Task goal: Going through the material below, please gather all lines with the word "Kors" in them.

··· Record set

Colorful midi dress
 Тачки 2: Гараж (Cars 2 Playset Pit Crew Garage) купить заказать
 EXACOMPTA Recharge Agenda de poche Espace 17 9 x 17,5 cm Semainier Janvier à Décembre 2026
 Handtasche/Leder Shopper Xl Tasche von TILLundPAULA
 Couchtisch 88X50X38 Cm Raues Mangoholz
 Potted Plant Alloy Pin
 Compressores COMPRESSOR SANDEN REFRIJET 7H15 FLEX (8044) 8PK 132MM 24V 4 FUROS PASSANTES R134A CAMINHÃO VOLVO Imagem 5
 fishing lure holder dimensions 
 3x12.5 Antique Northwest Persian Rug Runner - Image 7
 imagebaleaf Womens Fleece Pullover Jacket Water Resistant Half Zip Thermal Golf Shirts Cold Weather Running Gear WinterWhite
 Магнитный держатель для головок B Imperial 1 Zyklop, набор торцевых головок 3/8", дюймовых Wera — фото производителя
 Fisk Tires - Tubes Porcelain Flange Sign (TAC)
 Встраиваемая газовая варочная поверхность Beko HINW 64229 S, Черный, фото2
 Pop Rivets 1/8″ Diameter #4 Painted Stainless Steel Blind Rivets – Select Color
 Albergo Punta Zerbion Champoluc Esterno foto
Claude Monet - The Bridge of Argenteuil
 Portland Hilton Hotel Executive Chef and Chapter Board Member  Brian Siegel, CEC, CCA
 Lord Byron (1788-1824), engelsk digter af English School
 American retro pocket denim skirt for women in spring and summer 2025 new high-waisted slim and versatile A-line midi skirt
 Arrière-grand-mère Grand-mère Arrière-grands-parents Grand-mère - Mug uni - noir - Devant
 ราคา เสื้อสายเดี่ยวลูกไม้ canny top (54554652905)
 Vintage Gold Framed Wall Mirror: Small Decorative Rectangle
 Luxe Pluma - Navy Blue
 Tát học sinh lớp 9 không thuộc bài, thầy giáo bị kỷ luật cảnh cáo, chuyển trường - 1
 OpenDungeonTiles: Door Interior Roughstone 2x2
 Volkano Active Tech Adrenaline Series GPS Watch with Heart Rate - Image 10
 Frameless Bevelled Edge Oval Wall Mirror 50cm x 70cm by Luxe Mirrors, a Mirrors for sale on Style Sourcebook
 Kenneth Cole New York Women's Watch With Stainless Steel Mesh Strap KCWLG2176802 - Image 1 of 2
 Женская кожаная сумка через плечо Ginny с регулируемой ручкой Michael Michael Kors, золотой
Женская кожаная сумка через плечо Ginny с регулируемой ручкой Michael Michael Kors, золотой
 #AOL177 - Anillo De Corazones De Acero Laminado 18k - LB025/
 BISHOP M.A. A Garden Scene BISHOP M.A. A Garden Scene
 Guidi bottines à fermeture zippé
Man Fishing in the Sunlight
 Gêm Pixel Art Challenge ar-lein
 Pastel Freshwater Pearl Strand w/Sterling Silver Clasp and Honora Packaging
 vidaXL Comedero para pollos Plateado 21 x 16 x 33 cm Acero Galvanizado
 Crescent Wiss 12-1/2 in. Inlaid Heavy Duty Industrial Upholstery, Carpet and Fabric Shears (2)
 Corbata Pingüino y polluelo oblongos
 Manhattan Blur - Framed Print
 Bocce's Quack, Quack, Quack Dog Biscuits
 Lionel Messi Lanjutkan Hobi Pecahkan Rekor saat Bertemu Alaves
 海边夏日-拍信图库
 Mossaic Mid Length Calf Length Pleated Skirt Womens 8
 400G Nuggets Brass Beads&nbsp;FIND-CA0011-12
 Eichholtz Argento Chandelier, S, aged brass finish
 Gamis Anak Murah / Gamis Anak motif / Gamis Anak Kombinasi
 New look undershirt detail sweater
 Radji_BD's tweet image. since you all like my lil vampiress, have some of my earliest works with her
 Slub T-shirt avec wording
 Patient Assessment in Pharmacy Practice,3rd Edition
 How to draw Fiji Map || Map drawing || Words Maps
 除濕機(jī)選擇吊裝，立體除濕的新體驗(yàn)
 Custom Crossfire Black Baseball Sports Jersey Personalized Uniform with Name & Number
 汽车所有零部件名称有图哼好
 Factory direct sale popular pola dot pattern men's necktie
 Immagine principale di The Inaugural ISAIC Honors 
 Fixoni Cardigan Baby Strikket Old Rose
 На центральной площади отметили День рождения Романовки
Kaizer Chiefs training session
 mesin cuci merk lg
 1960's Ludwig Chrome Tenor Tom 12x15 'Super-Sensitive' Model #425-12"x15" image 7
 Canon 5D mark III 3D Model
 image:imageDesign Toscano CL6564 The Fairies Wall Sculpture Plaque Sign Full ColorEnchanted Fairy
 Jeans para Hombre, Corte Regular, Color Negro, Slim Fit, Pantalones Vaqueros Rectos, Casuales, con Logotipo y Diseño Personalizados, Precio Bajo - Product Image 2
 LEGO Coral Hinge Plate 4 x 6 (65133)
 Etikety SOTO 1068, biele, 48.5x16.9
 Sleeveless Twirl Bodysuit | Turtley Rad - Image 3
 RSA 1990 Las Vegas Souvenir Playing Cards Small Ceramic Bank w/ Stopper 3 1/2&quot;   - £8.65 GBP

······

Expected output:
 Женская кожаная сумка через плечо Ginny с регулируемой ручкой Michael Michael Kors, золотой
Женская кожаная сумка через плечо Ginny с регулируемой ручкой Michael Michael Kors, золотой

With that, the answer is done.